So mentally, I ‘stack unwind’ and exit this context with the new note about @concurrent
in hand.
I’m not a computer, so returning to my note about Matt’s post is not lessless. I need to recapture some context. But first, I insert a link to the new concept – so now I have this as the second bullet:
...
- with Swift 6.2 approachable concurrency, `@concurrent`
function[[202509160705]] opts-in to run on the concurrent thread
pool[#20250916actor][]
...
(At the end, I’ll link to all notes in their final form, so you don’t need to keep track of diffs.)
A forward link to connect to the new concept, and mentioning “Swift Approachable Concurrency” explicitly as a term – this helps prime me a bit when I stumble upon this note again, and also helps with full-text search. I often find in programming and writing that it’s better to be verbose: brevity has its place, but it makes expansion and discovery harder.
Instead of a rock-solid diamond that’s forever unchanging, I want my notes to be malleable, form-able. More like clay.
Now Actually Reading the Post
So this detour took me a couple of minutes to read and assemble. The section “Why not MainActor?” seems to be exhausted, and I need to refresh the context anyway, so I now check the post from the beginning.
I skim the first two, three sections to check whether there’s anything that looks new to me. Even though I knew the stuff, it’s great Matt included this to prime the reader for what’s next – also: just in case the reader disagrees or is confused by conclusions, the introductory sections are there to bring them onto the same page of baseline assumptions.
Then “Synchronous accesses” got interesting – by conceptual opposition to ‘asynchrony’, it stands out anyway; and it contains this gem:
In fact, I think it can be quite useful to think of an actor as a remote network service. Its data is physically inaccessible to your process, off on some server somewhere. You must make a network request to interact with the system. Inputs to your request must be packaged up and sent (💡… Sendable?). The same goes for the system’s responses. Other requests to the system could be happening at the same time.
I love that metaphor, and it’s new to me, so I want to have it in my toolbox. I’m capturing it right where I am, because it’s from the same source, so extracting it later from here will be simple. I duplicate the citation in the end for cut-and-paste refactoring, and now have this:
In practice, programmers reach for stateless `actor`s in Swift to
express "this should never run on the main thread".[#20250916actor][]
- `async let` introduces a suspension point for background work just
as well, and simpler[#20250916actor][]
- with Swift 6.2 approachable concurrency, `@concurrent`
function[[202509160705]] opts-in to run on the concurrent thread
pool[#20250916actor][]
[#20250916actor]: Matthew Massicotte: "When should you use an actor?", 2025-09-06, <https://www.massicotte.org/actors>
Think of an `actor` like a remote network service:[#20250916actor][]
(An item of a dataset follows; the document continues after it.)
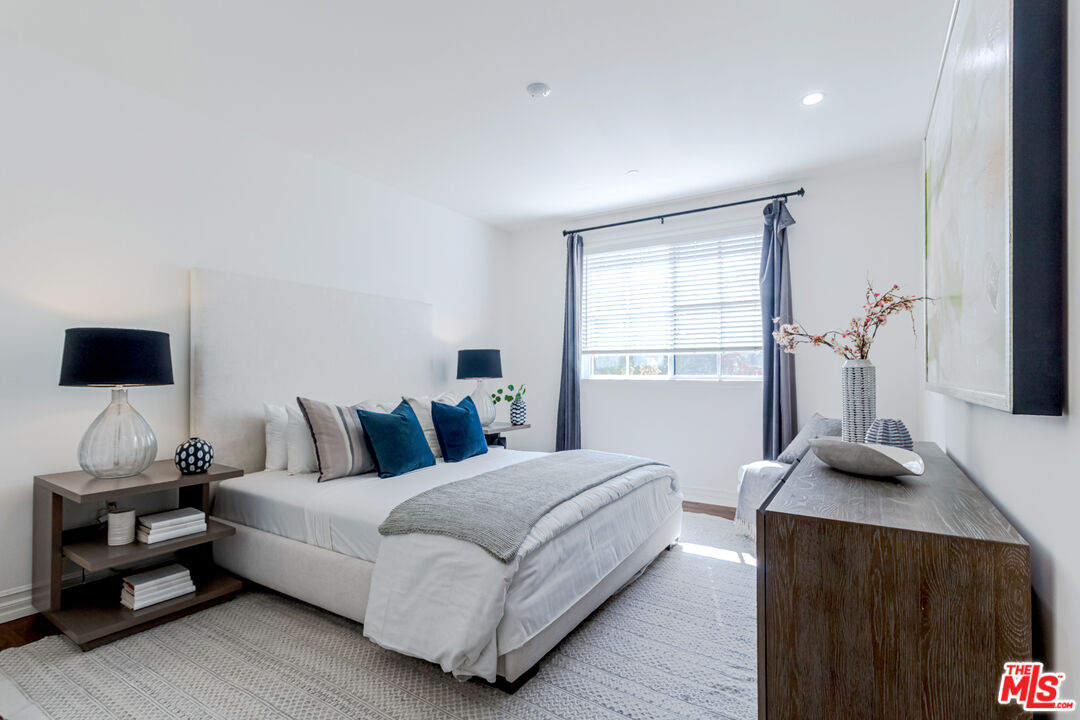 4661 Wilshire Blvd Unit: 104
- it's data is inaccessible to your process[#20250916actor][]
- all communication goes through requests[#20250916actor][]
- all data needs to be sent, cue `Sendable`[#20250916actor][]
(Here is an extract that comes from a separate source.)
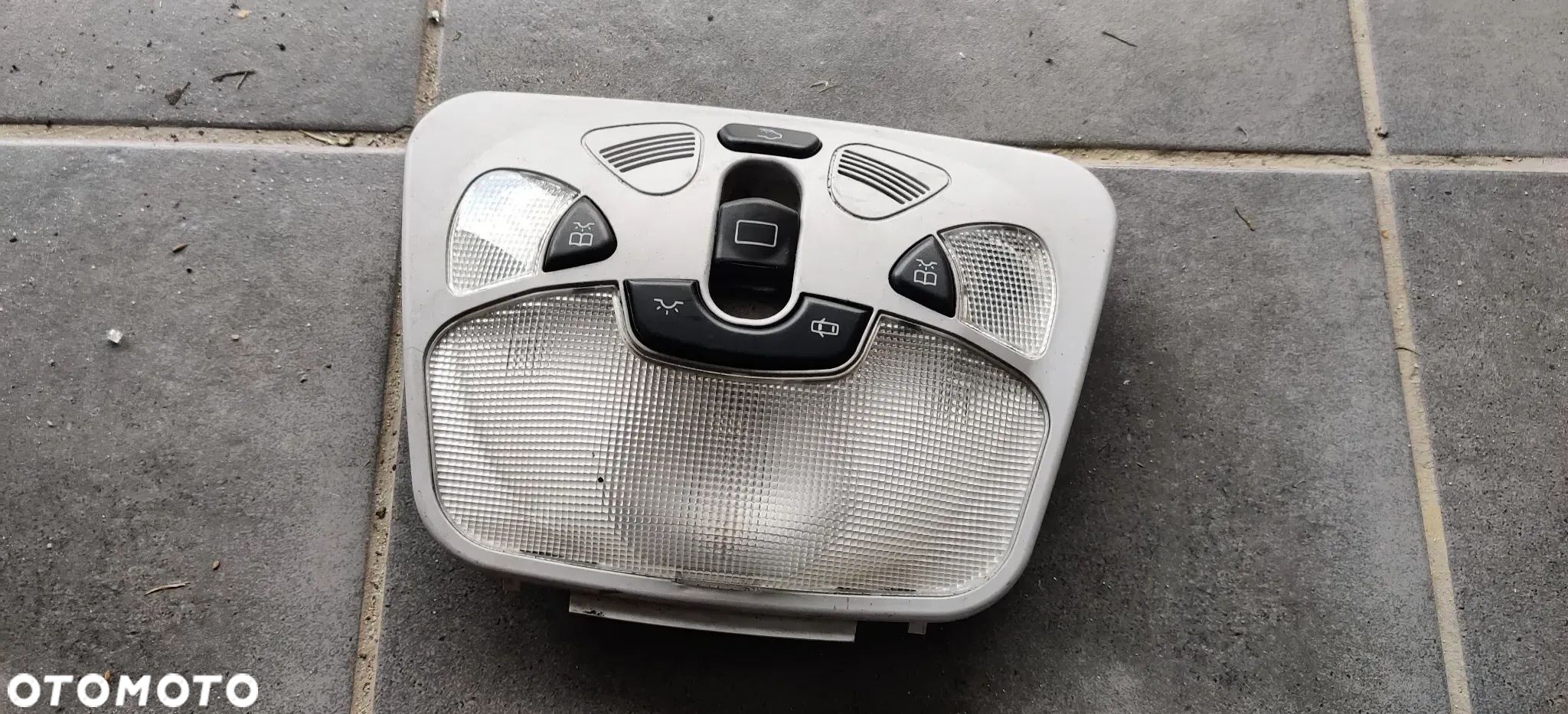 MERCEDES W203 LAMPKA SZYBERDACH A2038202501 - 1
[#20250916actor]: Matthew Massicotte: "When should you use an actor?", 2025-09-06, <https://www.massicotte.org/actors>
Refactor: Extract Zettel
From the original note, a new idea presented itself and can be encapsulated. This is just like programming – you expand an algorithm, a sequence of actions, a data type, and then you notice that parts of it actually go well together under a new umbrella to encapsulate and form a new idea, a new concept.
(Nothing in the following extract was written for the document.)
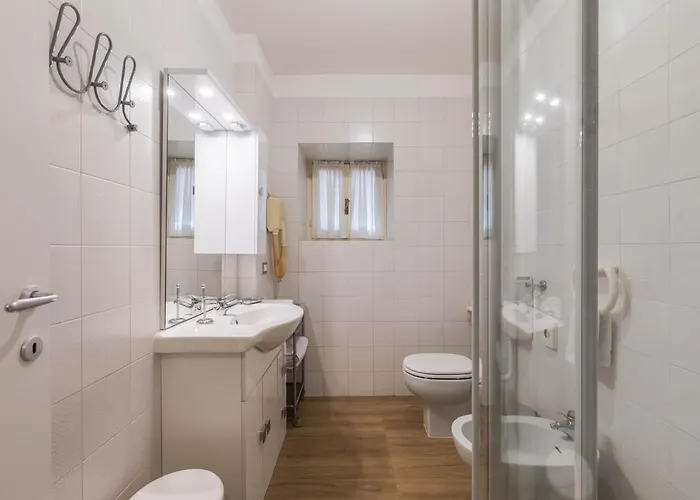 Sole Mare Alaxi Aparthotel 4*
This process is best shown in pictures, so here you go.

Select the part that should become its own thing.
In my app, The Archive, run the “Extract Zettel” plug-in function to perform the refactoring. I bind it to Cmd+Shift+X (shifted ‘Cut’).
The title of that new note: “Swift actor as network service metaphor”
Confirm, and you end up with a forward link to the new note where the text used to be, and a new note with the extracted content plus a heading.


I add tags to the new note, and this is the result:
# 202509160716 Swift actor as network service metaphor
#swift #actor-isolation
Think of an `actor` like a remote network service:[#20250916actor][]
- it's data is inaccessible to your process[#20250916actor][]
- all communication goes through requests[#20250916actor][]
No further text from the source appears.